**Aim of the task**. Beginning at the line that contains "2 bedroom Mid Terrace Property to rent" and ending at the last line of the entries, write out each line exactly; include nothing outside that span.

(Dataset items)
+ + +

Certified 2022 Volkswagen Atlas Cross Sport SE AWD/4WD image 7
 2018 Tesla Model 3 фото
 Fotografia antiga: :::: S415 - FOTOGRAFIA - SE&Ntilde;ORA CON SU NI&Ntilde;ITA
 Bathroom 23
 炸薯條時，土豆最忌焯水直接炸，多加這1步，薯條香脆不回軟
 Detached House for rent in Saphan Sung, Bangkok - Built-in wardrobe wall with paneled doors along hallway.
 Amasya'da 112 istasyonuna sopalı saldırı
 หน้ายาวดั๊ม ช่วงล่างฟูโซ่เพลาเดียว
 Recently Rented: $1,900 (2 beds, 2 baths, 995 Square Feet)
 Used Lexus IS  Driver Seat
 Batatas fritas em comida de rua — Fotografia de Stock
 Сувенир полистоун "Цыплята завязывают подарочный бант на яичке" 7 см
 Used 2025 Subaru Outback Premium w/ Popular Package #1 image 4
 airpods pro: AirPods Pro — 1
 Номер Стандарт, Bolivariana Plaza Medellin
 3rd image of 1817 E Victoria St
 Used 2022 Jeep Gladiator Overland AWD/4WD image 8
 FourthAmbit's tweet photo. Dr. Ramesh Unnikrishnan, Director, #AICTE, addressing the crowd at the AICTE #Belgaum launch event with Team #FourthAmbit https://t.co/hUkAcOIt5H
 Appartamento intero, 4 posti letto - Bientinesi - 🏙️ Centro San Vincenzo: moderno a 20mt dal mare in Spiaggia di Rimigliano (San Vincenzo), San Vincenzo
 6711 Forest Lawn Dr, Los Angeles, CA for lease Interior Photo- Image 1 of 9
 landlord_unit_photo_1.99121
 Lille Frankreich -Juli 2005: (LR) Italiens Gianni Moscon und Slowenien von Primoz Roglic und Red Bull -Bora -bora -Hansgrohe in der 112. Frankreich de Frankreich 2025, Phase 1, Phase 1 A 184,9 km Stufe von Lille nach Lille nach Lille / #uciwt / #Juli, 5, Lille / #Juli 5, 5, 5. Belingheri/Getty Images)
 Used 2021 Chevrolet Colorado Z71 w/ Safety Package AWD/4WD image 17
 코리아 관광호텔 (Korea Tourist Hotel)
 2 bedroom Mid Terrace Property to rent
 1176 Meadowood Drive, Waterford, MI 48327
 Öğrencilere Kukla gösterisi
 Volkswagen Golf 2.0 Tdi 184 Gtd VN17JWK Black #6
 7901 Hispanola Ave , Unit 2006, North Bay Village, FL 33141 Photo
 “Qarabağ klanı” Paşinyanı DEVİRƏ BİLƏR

+ + +

**Response for this exercise**.
 2 bedroom Mid Terrace Property to rent
 1176 Meadowood Drive, Waterford, MI 48327
 Öğrencilere Kukla gösterisi
 Volkswagen Golf 2.0 Tdi 184 Gtd VN17JWK Black #6
 7901 Hispanola Ave , Unit 2006, North Bay Village, FL 33141 Photo
 “Qarabağ klanı” Paşinyanı DEVİRƏ BİLƏR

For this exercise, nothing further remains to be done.